Well this is unexpected, given I talked to Justin Lu at Apple back in
December and I thought our plan was to work together on the series I've
had cooking in the Asahi tree [1] for a while now, which is actually
shipping in thousands of Asahi Linux systems in production and actually
already supported by the FEX-Emu project with our ABI. You CCed 30+
people, but not me nor the [email protected] mailing list...

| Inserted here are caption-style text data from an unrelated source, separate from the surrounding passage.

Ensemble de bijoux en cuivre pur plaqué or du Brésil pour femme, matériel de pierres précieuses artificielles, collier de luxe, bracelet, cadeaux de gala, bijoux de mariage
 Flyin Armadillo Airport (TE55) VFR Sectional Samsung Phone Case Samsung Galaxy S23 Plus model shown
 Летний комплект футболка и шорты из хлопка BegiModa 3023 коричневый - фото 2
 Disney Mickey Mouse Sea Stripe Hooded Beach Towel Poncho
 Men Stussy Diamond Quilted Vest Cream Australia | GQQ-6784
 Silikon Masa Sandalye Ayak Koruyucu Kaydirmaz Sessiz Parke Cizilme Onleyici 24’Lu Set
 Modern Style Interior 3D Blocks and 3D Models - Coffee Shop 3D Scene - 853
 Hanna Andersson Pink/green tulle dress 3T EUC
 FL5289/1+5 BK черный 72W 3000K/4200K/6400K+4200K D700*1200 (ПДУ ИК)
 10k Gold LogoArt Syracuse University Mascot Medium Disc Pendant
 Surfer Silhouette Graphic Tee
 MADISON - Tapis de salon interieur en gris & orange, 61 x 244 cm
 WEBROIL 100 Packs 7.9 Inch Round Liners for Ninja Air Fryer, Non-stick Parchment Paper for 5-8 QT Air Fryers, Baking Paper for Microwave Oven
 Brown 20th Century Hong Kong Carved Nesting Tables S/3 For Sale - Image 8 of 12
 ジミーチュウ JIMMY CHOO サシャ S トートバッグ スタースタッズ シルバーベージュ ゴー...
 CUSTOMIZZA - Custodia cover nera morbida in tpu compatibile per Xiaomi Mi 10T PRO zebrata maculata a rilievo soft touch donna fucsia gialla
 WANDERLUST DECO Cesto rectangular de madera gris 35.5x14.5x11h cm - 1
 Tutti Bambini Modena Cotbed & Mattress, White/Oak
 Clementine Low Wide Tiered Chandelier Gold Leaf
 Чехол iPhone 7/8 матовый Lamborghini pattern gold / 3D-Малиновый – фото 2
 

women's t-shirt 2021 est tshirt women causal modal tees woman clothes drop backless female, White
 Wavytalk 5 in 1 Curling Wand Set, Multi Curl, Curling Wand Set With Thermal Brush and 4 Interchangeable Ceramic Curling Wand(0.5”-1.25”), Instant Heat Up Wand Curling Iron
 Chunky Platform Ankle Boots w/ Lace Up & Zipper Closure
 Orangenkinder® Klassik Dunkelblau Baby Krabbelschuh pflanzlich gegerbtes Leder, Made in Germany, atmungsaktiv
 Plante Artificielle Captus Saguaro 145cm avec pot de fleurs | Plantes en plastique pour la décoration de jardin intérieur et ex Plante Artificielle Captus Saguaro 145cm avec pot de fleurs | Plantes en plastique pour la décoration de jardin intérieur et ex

[1] https://github.com/AsahiLinux/linux/tree/bits/220-tso
Given that we're here now, I'll send out my series for review and see
what people think about that one.
>
> Zayd Qumsieh (3):
> tso: aarch64: allow linux kernel to read/write ACTLR.TSOEN
> tso: aarch64: context-switch tso bit on thread switch
> tso: aarch64: allow userspace to set tso bit using prctl
>
> arch/arm64/Kconfig | 19 +++++++++
> arch/arm64/include/asm/processor.h | 4 ++
> arch/arm64/include/asm/sysreg.h | 7 ++++
> arch/arm64/include/asm/tso.h | 19 +++++++++
> arch/arm64/kernel/Makefile | 2 +-
> arch/arm64/kernel/process.c | 61 +++++++++++++++++++++++++++++
> arch/arm64/kernel/tso.c | 62 ++++++++++++++++++++++++++++++
> include/uapi/linux/prctl.h | 9 +++++
> kernel/sys.c | 11 ++++++
> 9 files changed, 193 insertions(+), 1 deletion(-)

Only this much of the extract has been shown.